Image Source : Toad World Blog
Creating an index on a table is the most common and sure-fire means of improving a query performance. Then why hold off this topic till Part II of the post on SQL query optimisation?
That's because index creation is a slightly more nuanced topic that requires a proper knowledge of the table data, entity relationships and an idea of the columns that will be frequently searched. It is also important to remember that creating too many indexes can introduce an overhead and might degrade the performance of DML operations(INSERT/UPDATE/DELETE) on the respective tables if overdone. Above all, as an SQL developer, you may or may not have the privileges to create indexes at will in a traditional RDBMS used for storing production data for the reasons just outlined.
Which begs the question - Can we leverage the use of previously created indexes for our queries in situations where we have no control on the index manipulation?
The answer is YES and below are a few guidelines for using indexes to our advantage. Before proceeding, a quick look at composite indexes. Composite indexes are indexes built on a combination of two or more columns which are likely to be queried together.
- Check if you can rewrite your query to use the indexed columns as a part of your WHERE clause. For instance, consider the following table subset of the customer_products_date table having a composite index on the column (month_c,year_c)
customer_id | product_id | date_of_purchase | month_c | year_c |
C1 | P5 | 31-Dec-2020 | 12 | 2020 |
C1 | P2 | 30-Dec-2020 | 12 | 2020 |
C2 | P1 | 25-Nov-2020 | 11 | 2020 |
If we had to write a query to find the purchases done in a particular month of a year, it would be prudent to use the indexed month_c and year_c column instead of using the date_of_purchase column as follows:
SELECT customer_id,product_id
FROM customer_products_date
WHERE month_c=12
AND year_c=2020;
- Leverage composite indexes to query individual columns too
Consider a table employee_dept table with the following columns and having a composite index on (employee_id, dept_id).
Employee_id | Dept_id | Salary | Date_of_joining |
E1 | 1 | 50000 | 20-Jan-2020 |
E2 | 2 | 20000 | 21-Feb-2021 |
Any query using the employee_id column will make use of the index created instead of scanning the entire table as the employee_id is the leading (i.e first) column in the composite index.
What if we issue a query using only the dept_id column for filtering records, like below?

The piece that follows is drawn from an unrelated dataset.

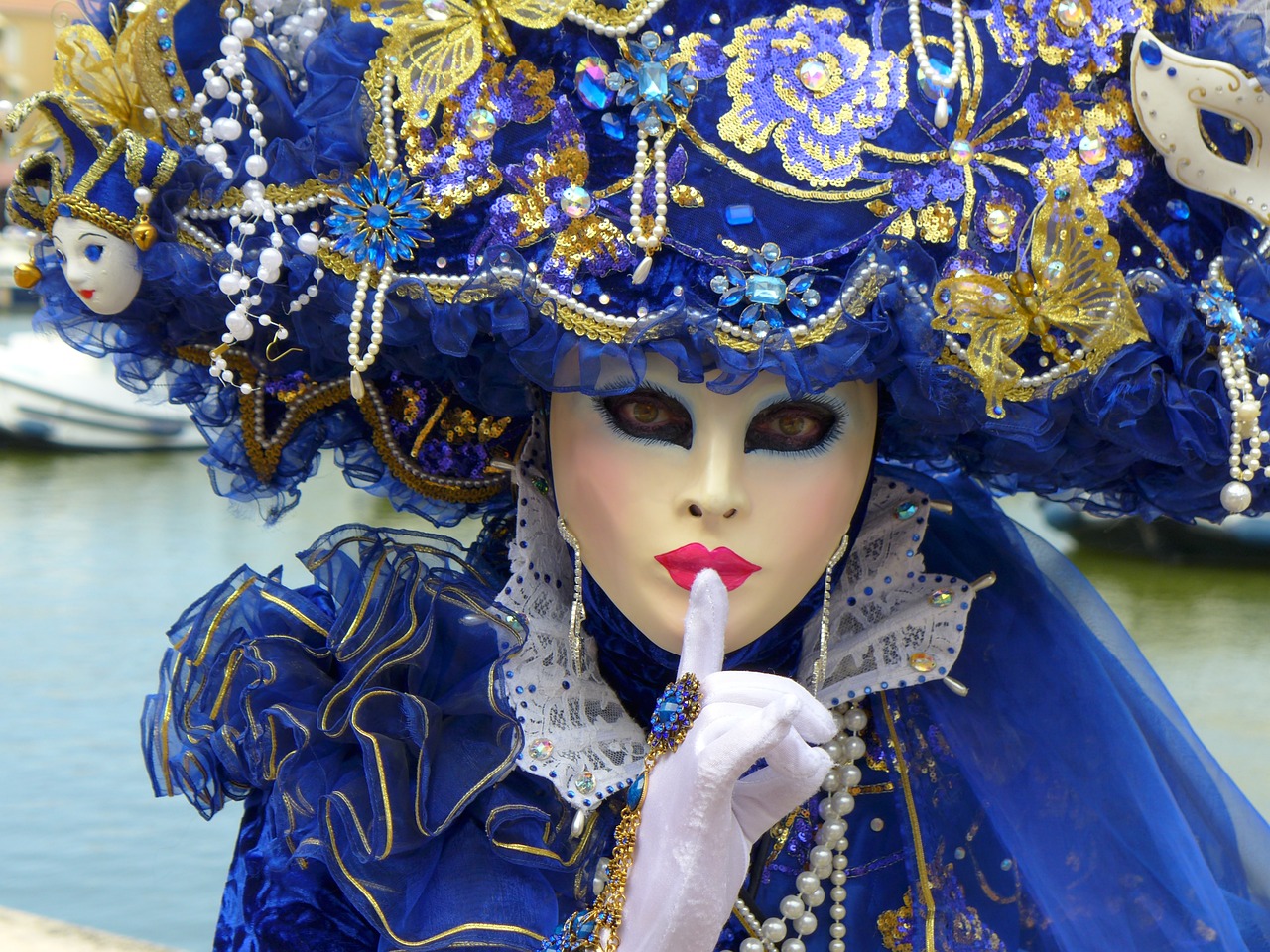 Maschere del carnevale di Venezia: 42mila pezzi sequestrati - Televenezia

SELECT employee_id, dept_id
FROM employee_dept
WHERE dept_id=10;
Well, in that case, Oracle ( From release 9i onwards), performs something called as an index skip scan
which probes the index multiple times instead of a simple index look-up for fetching the results. While this may take a little longer than a separate index created on the dept_id column, it is still faster that going through the entire employee_dept table. It also reduces the number of indexes that must be created and maintained, not to mention preventing the corresponding space wastage incurred for building multiple indexes.
The PARALLEL Hint
Hints in Oracle are directives that instruct the database engine to use certain techniques to effectively process the query. Though the use of hints is controversial, to say the least, as they have a tendency to meddle with the optimiser and its ability to choose the most efficient way to process a query, there are some Hints
- like the PARALLEL hint which is commonly used for faster fetches.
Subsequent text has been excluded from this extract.